First, to follow your OSHA example: while the branch office may be unable to arrogate its leaves’ functions to itself, if the same party controls the branch and (say) the heavy industry leaf, it can ‘define more and more items as relating to heavy industry’ and accrue advantage to itself and its agenda, just as in the pathological case you describe.
Second, the power built up by the executive through its appointments has an upside as well as a downside: it allows the executive to more effectively pursue its legitimate agenda as well as its illegitimate interests. A departmental chief executive of one party may find their initiatives running into stumbling block after stumbling block if many of their inferiors are drawn from another – or if they are career civil servants who just don’t think much of the executive’s proposed reforms. This would also make the job much more frustrating than a comparable position in a hierarchy that allows more freedom of action, potentially starving the system of talent.

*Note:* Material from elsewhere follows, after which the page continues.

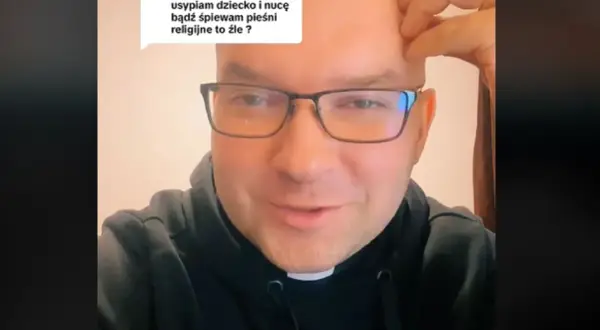 Ksiądz w okularach odpowiada na pytanie o śpiewanie pieśni religijnych podczas wykonywania domowych obowiązków lub usypiania dziecka.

I think the best solution is probably a compromise. It makes sense to have chief executives responsible for different cabinet-level briefs – education, health, defence, etc. – appointed and overseen by different juries. This means there is no presidential-style unitary executive set up against the sortitional legislature, greatly reducing the opportunity for executive empire-building. But below that level, I think it would be more sensible to retain a hierarchy in which superiors can appoint and dismiss their inferiors. The cabinet level is the lowest level at which there is, in present societies, any widespread name recognition or possibility for public monitoring outside the juries – not only would I be loath to dismiss the opinion of the media and the public as aids to the juries’ judgement, but cabinet-level responsibility for departments’ performance also allows the system’s executive-accountability mechanisms to be seen to work by the public. That’s an important factor in retaining public confidence in the system.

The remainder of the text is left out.